The problem: Set every line of the data down again exactly, and keep the pictures out.

Stored data:
○ ○ ○
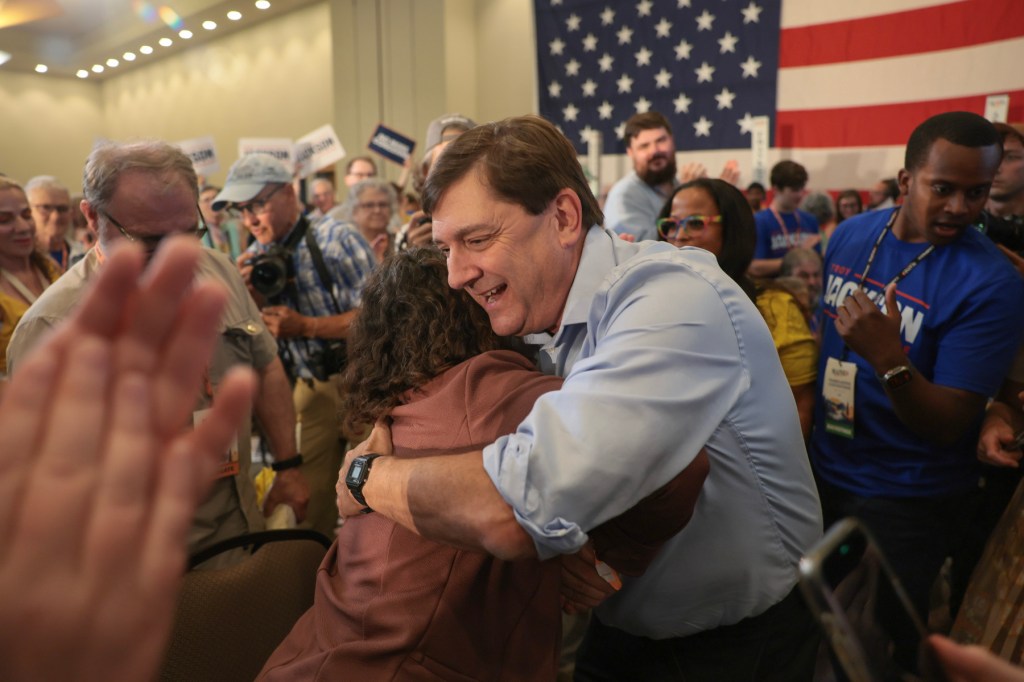 Jackson hugs a person during a campaign event.
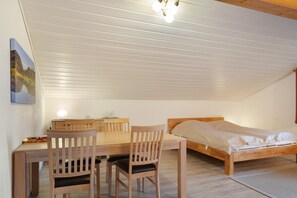 Un dormitorio con una cama de madera, un escritorio con silla y una lámpara en el techo.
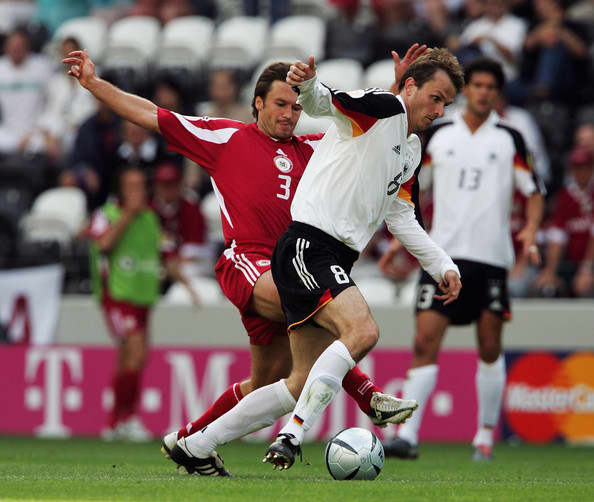 Latvia's Vitalijs Astfjevs battles for the battle with Germany's Dietmar Hamann during a Euro 2004 match in Porto, Portugal. This match was one of 167 appearances for Astafjevs, the most by a European player.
○ ○ ○
Answer box:
 Jackson hugs a person during a campaign event.
 Un dormitorio con una cama de madera, un escritorio con silla y una lámpara en el techo.
 Latvia's Vitalijs Astfjevs battles for the battle with Germany's Dietmar Hamann during a Euro 2004 match in Porto, Portugal. This match was one of 167 appearances for Astafjevs, the most by a European player.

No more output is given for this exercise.